Are things perfect? Absolutely not, but if you believe that everything is horrible, then tearing down the whole structure of society makes sense. But it gets weird. Gaza is a tragedy - and it's a tragedy that Hamas bears some responsibility for, but that nuance gets your censured on the left. However, if we care about "genocide" then we should look at what Myanmar is doing to the Rohingya. It's just as bad as what Israel is doing in Gaza but its not even prompted by an event like 10/7. Since the perpetrators aren't "white" then it - like similar atrocities in Africa - doesn't warrant encampments.
The failure of those encampments is that they are neither seeking to educate nor be educated. They KNOW what they FEEL and the primacy of their opinions is gospel. Liberalism tests and picks apart arguments and positions because the goal is better policy, better outcomes. Even actual conservatism is part of that process. The far left and right simply do not operate under those conditions - dissent and argument is heresy and we all know what happens to heretics.
UPDATE: This from an Atlantic article on protests:
Yet in nearly every case that the researchers examined in detail—including the Women’s March and the pro–gun control March for Our Lives, which brought out more than 3 million demonstrators—they could find no evidence that protesters changed minds or affected electoral behavior.

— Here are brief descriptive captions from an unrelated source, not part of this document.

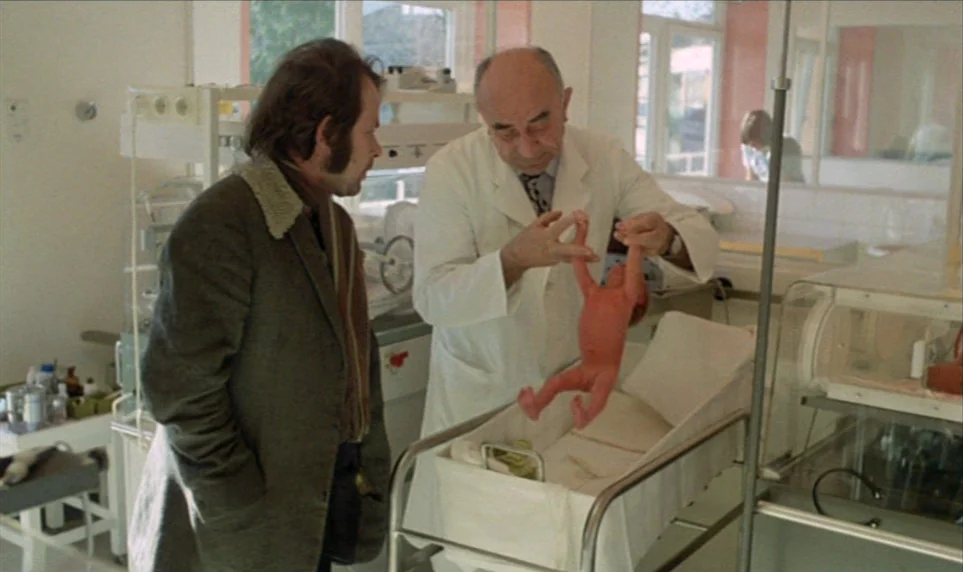 Stroszek (1977) movie still: medium — A clinical hospital room features medical equipment and a sterile white aesthetic. A doctor wearing a white…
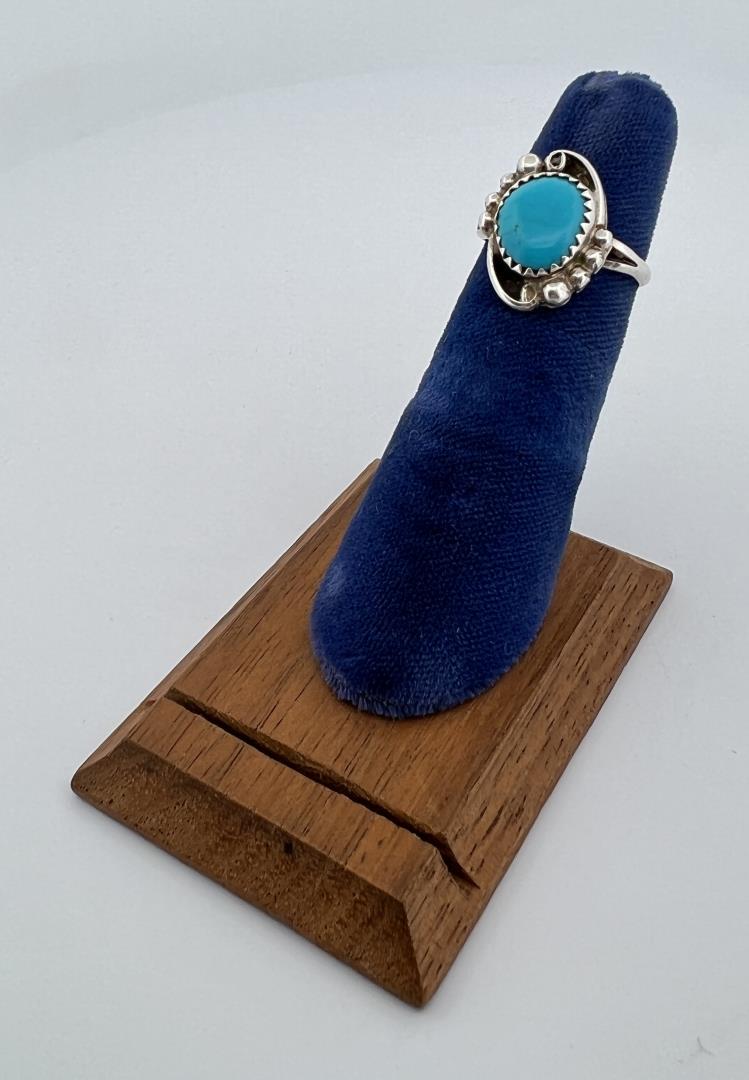 Navajo Sterling Silver Turquoise Ring: Beautiful blue coloration with elegantly styled setting featuring split band. Size 4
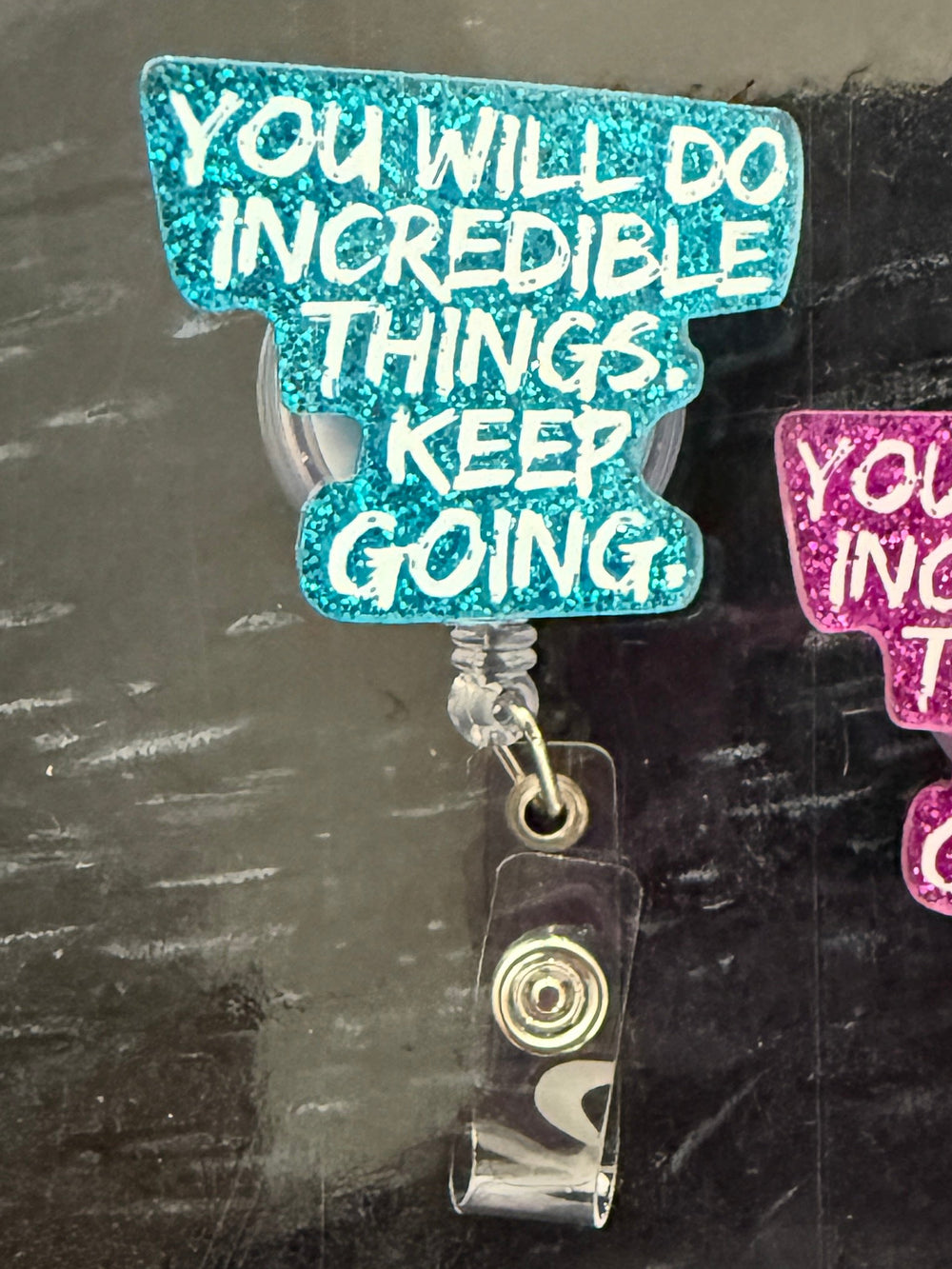 Two "You Will Do Incredible Things. Keep Going." motivational badge reel holders on a dark surface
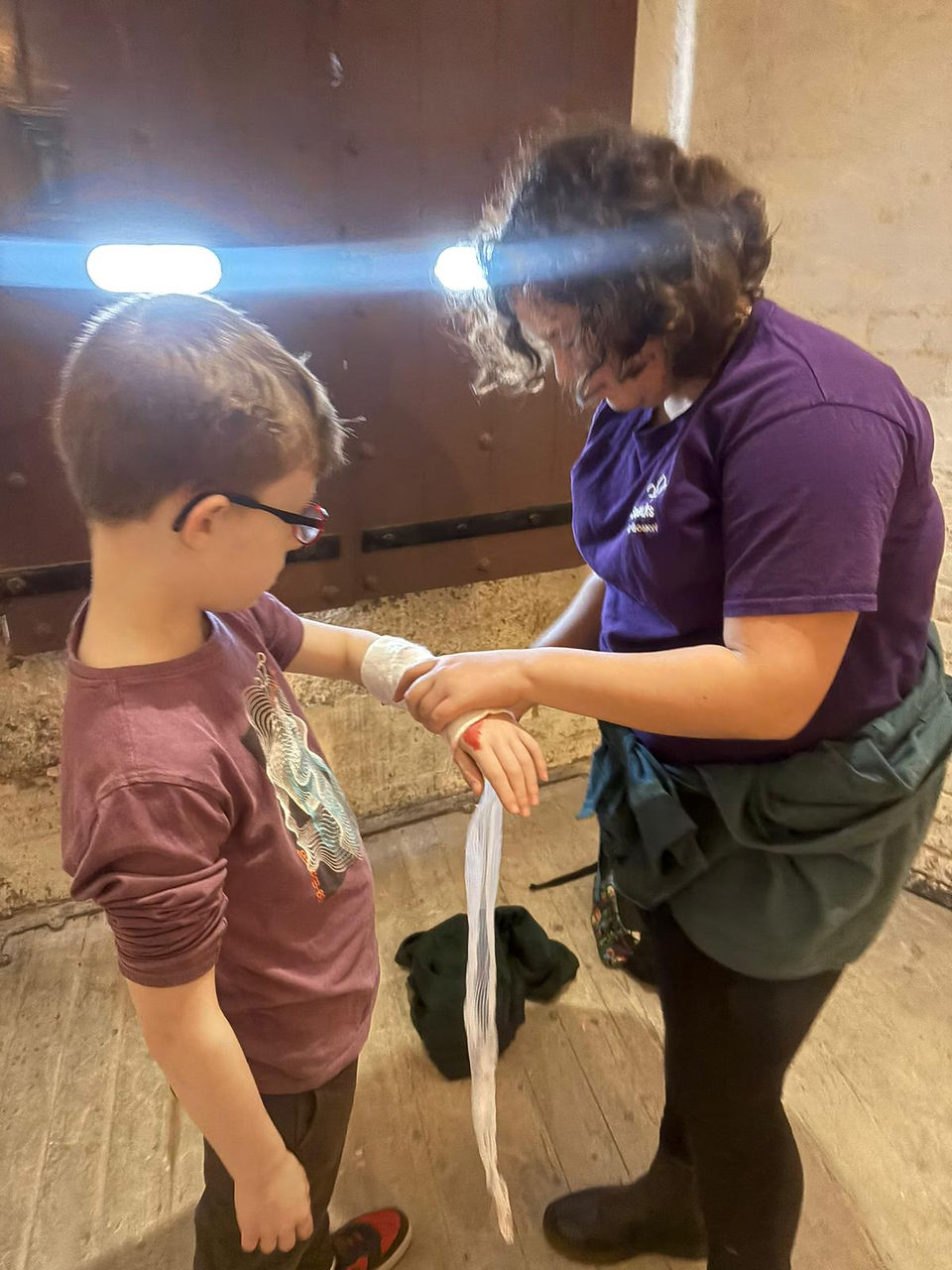 A Scout practices applying a bandage to a Cub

As the marginal cost of reaching hundreds of thousands, even millions, of potential protesters drops to zero, organizers have mastered the art of gaining attention through public demonstrations. Mass actions no longer require organized groups with members who pay dues, professional staffers who plan targeted actions, and designated leaders who can negotiate with public officials. They just need someone who can make a good Instagram graphic. But notwithstanding the clear benefits of social media for protest participants, the lure of racking up views on TikTok or X and getting on the homepage of major news sites can overwhelm other strategic goals. Protests are crowding out the array of other organizing tools that social movements need in order to be successful—and that has consequences for our entire political system.